O sentimento é de frustração quando se lê que vereadores levaram ao Ministério Público representação para que se apure irregularidades em licitação de um órgão municipal, no caso do Departamento de Água e Esgoto de Ribeirão Preto (DAERP).

Depois da Constituição de 1988, o vereador não pode ser confundido com estafeta do Ministério Público.
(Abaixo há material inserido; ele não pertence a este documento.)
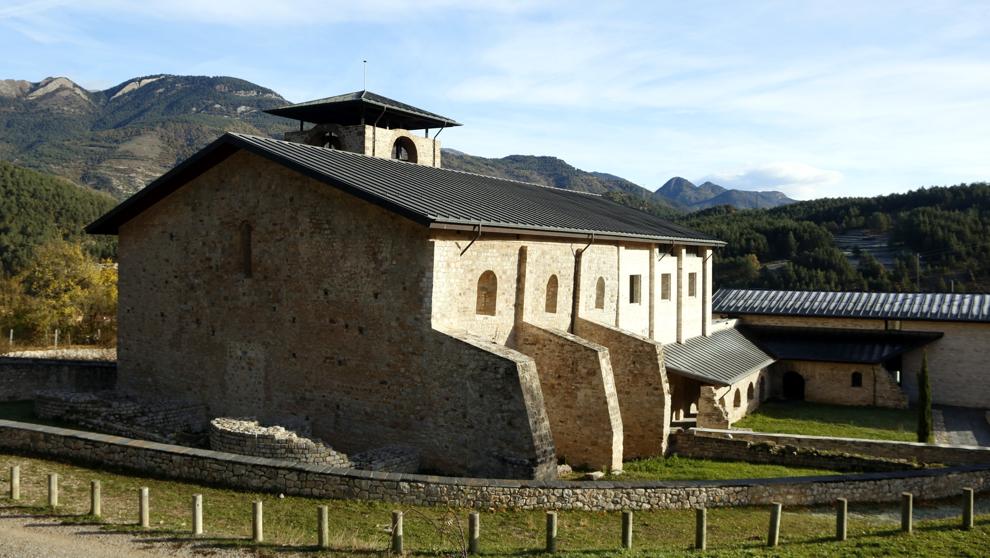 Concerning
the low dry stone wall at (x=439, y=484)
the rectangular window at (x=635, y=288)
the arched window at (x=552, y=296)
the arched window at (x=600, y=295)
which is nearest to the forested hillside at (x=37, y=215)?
the low dry stone wall at (x=439, y=484)

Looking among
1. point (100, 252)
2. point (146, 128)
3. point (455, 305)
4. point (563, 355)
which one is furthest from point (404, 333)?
point (146, 128)

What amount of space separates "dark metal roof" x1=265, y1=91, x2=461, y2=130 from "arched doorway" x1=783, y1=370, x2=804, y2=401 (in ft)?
57.7

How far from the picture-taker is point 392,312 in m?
15.1

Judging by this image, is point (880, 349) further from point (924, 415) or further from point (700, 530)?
point (700, 530)

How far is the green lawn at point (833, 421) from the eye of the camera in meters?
23.3

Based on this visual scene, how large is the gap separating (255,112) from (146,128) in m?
24.8

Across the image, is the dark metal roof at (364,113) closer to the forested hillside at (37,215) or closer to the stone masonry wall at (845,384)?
the stone masonry wall at (845,384)

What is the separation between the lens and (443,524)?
10102 millimetres

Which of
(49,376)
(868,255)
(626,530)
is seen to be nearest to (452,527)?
(626,530)

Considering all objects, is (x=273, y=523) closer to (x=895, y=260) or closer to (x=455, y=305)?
→ (x=455, y=305)

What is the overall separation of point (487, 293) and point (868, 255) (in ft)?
188

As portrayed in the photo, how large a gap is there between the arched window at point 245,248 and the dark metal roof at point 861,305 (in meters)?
23.1

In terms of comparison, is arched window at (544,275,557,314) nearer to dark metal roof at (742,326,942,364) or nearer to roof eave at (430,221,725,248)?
roof eave at (430,221,725,248)

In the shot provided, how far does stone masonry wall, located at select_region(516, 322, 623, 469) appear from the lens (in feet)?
52.7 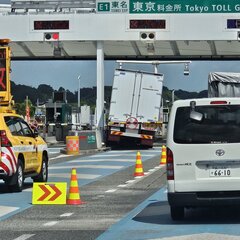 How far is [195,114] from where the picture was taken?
10.1m

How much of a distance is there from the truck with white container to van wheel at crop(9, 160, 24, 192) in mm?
18623

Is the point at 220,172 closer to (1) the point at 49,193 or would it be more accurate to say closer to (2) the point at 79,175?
(1) the point at 49,193

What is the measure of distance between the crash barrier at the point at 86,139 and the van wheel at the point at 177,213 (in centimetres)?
2271

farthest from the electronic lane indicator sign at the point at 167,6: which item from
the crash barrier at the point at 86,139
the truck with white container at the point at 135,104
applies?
the crash barrier at the point at 86,139

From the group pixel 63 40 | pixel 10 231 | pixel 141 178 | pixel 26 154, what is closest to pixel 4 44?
pixel 26 154

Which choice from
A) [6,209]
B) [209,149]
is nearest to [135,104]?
[6,209]

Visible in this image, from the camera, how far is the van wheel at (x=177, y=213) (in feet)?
34.3

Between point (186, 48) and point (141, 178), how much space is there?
22435 millimetres

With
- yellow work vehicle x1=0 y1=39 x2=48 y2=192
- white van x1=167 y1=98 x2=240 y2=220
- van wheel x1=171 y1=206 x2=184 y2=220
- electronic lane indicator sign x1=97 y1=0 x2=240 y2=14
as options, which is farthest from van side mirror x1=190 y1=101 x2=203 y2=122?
electronic lane indicator sign x1=97 y1=0 x2=240 y2=14

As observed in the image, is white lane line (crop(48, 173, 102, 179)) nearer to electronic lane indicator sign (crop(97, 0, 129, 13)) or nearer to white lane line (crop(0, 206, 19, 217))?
white lane line (crop(0, 206, 19, 217))

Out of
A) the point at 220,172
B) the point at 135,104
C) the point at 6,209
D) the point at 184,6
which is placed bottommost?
the point at 6,209

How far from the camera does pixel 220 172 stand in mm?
9984

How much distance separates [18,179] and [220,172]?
6.49 m

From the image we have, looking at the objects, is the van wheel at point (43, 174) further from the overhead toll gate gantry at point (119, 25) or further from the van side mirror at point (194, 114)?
the overhead toll gate gantry at point (119, 25) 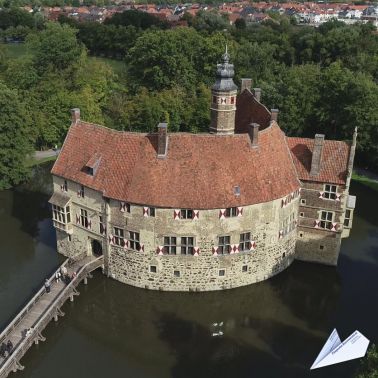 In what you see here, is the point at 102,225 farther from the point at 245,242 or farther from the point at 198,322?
the point at 245,242

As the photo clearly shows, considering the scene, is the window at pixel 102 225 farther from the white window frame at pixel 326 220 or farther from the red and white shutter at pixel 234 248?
the white window frame at pixel 326 220

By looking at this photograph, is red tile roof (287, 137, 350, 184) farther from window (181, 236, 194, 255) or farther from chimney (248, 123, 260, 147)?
window (181, 236, 194, 255)

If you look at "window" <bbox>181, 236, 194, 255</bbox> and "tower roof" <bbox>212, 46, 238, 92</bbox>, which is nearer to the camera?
"window" <bbox>181, 236, 194, 255</bbox>

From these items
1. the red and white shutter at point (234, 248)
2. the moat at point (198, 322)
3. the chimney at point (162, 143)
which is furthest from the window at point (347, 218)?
the chimney at point (162, 143)

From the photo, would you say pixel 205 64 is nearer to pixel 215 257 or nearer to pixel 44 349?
pixel 215 257

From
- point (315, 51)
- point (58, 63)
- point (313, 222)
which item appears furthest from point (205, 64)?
point (313, 222)

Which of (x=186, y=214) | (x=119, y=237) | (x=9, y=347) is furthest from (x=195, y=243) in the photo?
(x=9, y=347)

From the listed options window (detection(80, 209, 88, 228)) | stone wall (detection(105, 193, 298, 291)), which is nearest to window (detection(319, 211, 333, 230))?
stone wall (detection(105, 193, 298, 291)) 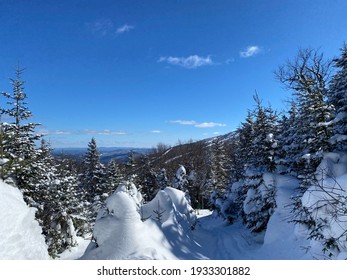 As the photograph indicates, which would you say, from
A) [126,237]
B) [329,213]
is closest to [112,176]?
[126,237]

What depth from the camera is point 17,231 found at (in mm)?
4586

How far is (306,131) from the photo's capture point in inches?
586

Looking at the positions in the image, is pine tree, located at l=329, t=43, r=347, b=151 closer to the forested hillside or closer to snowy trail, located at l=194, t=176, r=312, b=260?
the forested hillside

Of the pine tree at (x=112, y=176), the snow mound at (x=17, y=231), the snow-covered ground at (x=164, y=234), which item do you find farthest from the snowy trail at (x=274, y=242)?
the pine tree at (x=112, y=176)

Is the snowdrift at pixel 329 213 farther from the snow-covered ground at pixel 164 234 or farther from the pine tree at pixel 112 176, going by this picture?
the pine tree at pixel 112 176

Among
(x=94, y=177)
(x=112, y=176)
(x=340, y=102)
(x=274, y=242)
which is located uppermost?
(x=340, y=102)

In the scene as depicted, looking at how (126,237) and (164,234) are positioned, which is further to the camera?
(164,234)

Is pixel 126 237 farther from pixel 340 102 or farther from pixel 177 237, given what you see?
pixel 340 102

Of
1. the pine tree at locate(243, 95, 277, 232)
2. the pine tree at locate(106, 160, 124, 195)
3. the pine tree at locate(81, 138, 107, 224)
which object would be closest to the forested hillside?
the pine tree at locate(243, 95, 277, 232)

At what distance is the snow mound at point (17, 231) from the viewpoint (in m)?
4.26

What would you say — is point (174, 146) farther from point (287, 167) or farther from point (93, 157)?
point (287, 167)

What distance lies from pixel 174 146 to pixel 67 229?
102061 millimetres

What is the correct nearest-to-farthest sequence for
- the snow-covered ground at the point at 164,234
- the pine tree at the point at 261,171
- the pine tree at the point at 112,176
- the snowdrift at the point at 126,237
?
the snow-covered ground at the point at 164,234 < the snowdrift at the point at 126,237 < the pine tree at the point at 261,171 < the pine tree at the point at 112,176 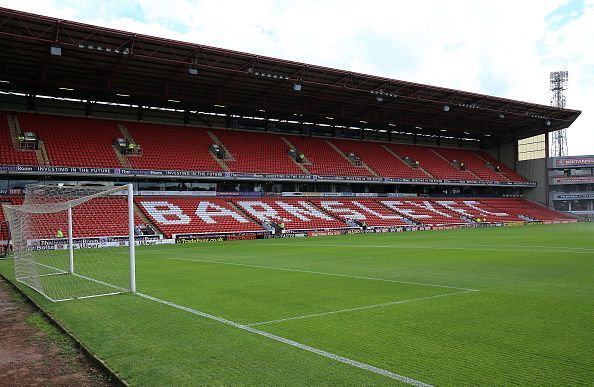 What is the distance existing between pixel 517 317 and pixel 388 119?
4606cm

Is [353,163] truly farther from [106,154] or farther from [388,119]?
[106,154]

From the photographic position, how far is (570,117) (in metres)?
54.2

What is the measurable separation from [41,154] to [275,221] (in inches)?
702

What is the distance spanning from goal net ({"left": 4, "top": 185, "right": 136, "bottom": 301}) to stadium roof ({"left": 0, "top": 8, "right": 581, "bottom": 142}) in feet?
31.9

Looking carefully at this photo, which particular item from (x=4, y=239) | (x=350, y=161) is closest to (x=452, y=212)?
(x=350, y=161)

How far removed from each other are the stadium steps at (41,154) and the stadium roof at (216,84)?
14.4 ft

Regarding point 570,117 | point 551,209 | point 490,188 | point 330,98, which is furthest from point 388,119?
point 551,209

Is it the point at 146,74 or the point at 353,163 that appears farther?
the point at 353,163

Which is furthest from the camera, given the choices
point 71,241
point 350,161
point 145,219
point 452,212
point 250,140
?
point 350,161

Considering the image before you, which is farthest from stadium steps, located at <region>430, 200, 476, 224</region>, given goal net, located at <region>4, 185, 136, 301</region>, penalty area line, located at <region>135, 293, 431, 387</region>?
penalty area line, located at <region>135, 293, 431, 387</region>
A nova ordem constitucional conferiu aos municípios a categoria de poder e “a fiscalização do município é exercida pelo Poder Legislativo municipal […]”, sendo que o controle externo “é exercido com auxílio do Tribunal de Contas”. A Lei Orgânica do Município, no capítulo sobre a “competência privativa da Câmara”, menciona claramente a competência de “fiscalizar e controlar os atos do Poder Executivo, inclusive os da administração indireta e fundacional”. A Constituição Estadual estabelece o direito à participação da cidadania, garantindo que “qualquer cidadão, partido político, associação ou entidade sindical é parte legítima para, na forma da lei, denunciar irregularidades ao Tribunal de Contas ou Assembleia Legislativa”.

O Ministério Público tem o dever de realizar o controle da legalidade ou da constitucionalidade, mas depois, a posteriori.

Se assim não fosse, qual o sentido dos poderes constitucionais conferidos à instituição que acolhe a representação pelo voto direto, resultante da expressão da soberania popular?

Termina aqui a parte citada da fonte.